Nicholas Landy was born on 24 November 1890 in the town of Garryricken, Windgap, in County Kilkenny in Ireland. Ireland was at this time a part of Great Britain. The Irish Free State was established in 1922. His parents were farmer John Landy and Alice, née O’Brien. The 1911 census listed Nicholas Landy’s occupation as farm labourer.

He volunteered for the Royal Navy in Chatham, England, on 7 March 1916.

Landy served as an ordinary seaman on board the Royal Navy’s destroyer HMS «Ettrick» 9 April–2. May.
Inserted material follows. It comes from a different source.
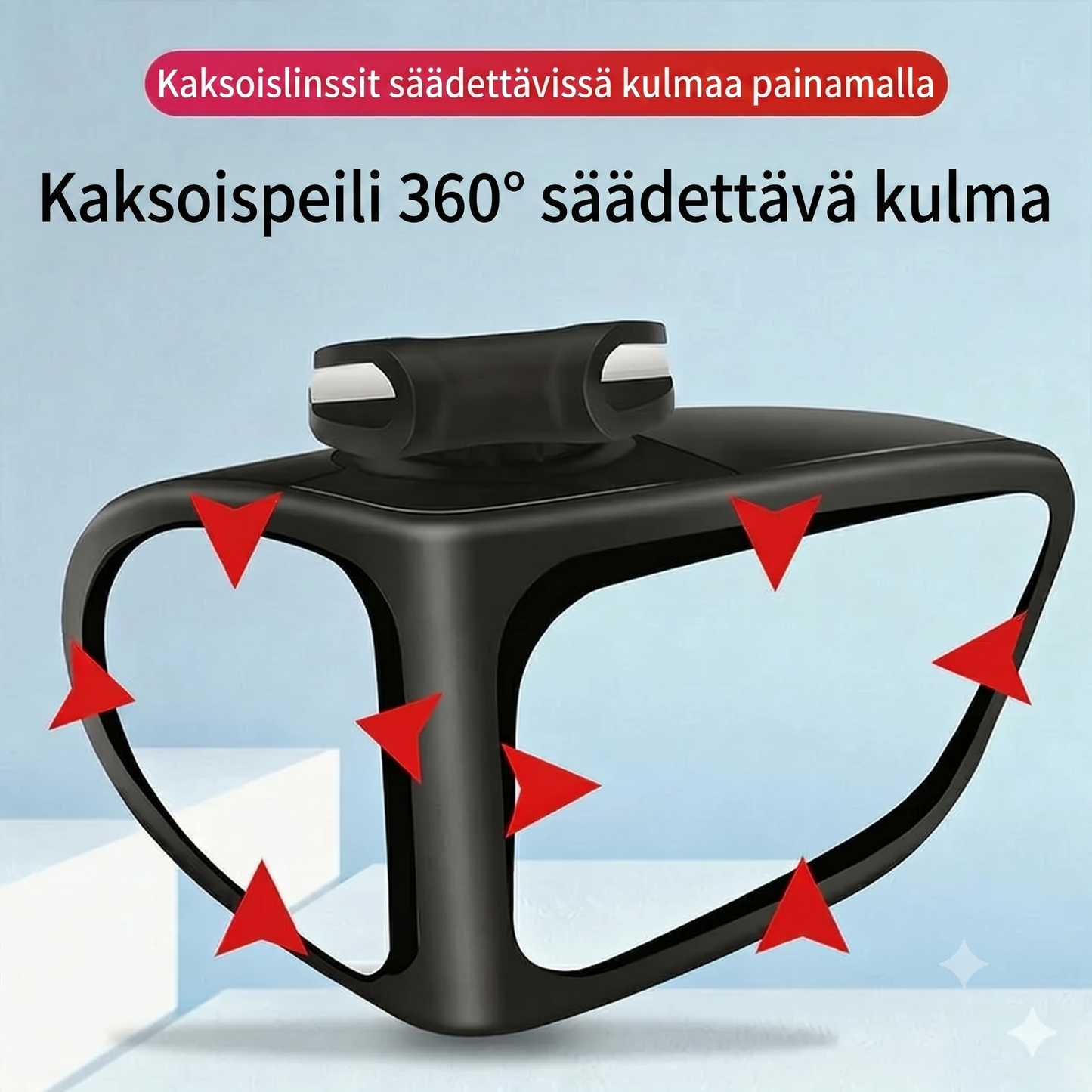 Kaksoislinssinen peili 360° säädettävällä kuolleen kulman näkymällä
He was in the barracks «HMS Pembroke I» in the naval base at Chatham 3 May–11. May, pending to be transferred to a new ship.

Landy served as a midshipman aboard the destroyer HMS «Turbulent» from 12 May. He fell in action on 1 June 1916 and was buried on 30 June.

On his tombstone is engraved «Mother’s Only Son». Landy had three sisters: Catherine (1893–), Alice (1895–) and Margaret (1898–).

His name is included in the Kilkenny World War I Memorial in the Kilkenny Peace Park.